Source: NJ Spotlight
Democratic lawmakers in Washington, D.C. — including Sen. Robert Menendez — joined labor leaders and other progressive organizations to launch a new push for the so-called public option, an idea debated at length as federal officials crafted the 2010 Affordable Care Act. Both Democratic presidential contender Hillary Clinton and President Barack Obama have endorsed the idea. Earlier this year, Assemblyman Reed Gusciora went one step further, calling for a statewide single-payer system.
Earlier this week, the state Department of Banking and Insurance declared Health Republic Insurance insolvent, forcing the 35,000 policyholders to search for a new plan when the marketplace enrollment period begins in November. That choice is made tougher by the fact that Oscar Insurance Corp., which covers more than 24,000, announced in August it would also stop selling policies in New Jersey next year. Oxford Health Plans, which insures fewer than 12,000 people, made the same decision in May.
As of now, two private companies will remain active on the marketplace in 2017: Horizon Blue Cross Blue Shield, which now covers more than 149,000 people through these plans, and AmeriHealth Inc., which insures some 56,000 this way. (Both providers also cover customers who do not purchase plans through the marketplace.)
Given the success of Medicaid and its expansion — and ongoing problems with the marketplace — advocates for the public option said greater government involvement is needed to protect healthcare consumers.

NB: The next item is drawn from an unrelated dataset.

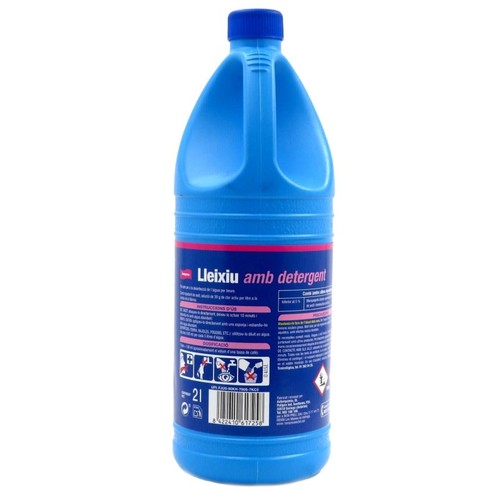 BONPREU Lleixiu amb detergent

“If our current public health insurance programs (Medicare/Medicaid) are any indicator, a public plan that brings lower administrative costs, no expectation of profit and the increased bargaining power of a government agency would be a good, cost effective alternative for consumers and bring greater stability to the Marketplace,” noted Maura Collingsgru, healthcare program director for New Jersey Citizen Action.

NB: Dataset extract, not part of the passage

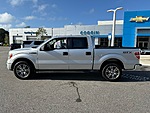 Used 2014 FORD F-150 STX in JACKSONVILLE, FLORIDA (Photo 3)
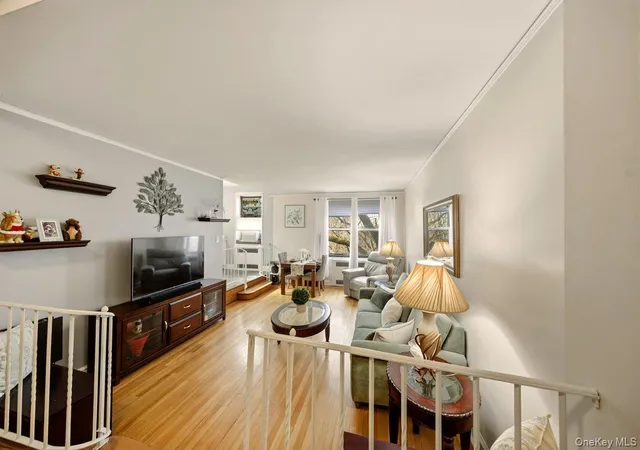 5th image of 2600 Henry Hudson Pkwy #5B, Bronx, NY 10463 | MLS# 980767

“While the public option isn’t a panacea for all that needs to be remedied, recent pullouts of insurers across the country demonstrate that a system built solely on private insurers in not the perfect solution either,” she adds.
According to the civil action the state filed with Mercer County Superior court, Health Republic — launched in 2014 with more than $100 million in public capital — had lost nearly $59,000 so far this year and further business would be “hazardous fiscally to its policy holders, creditors and the public.” In the filing, the state seeks permission to oversee the company’s business as it winds down operations and helps customers find new coverage for 2017.
In addition to creating competition, a public option could save significant taxpayer dollars, supporters said. According to a Congressional Budget Office analysis, a public option could cut government healthcare costs by $158 billion over 10 years and would extend coverage to most of the 29 million Americans who remain uninsured.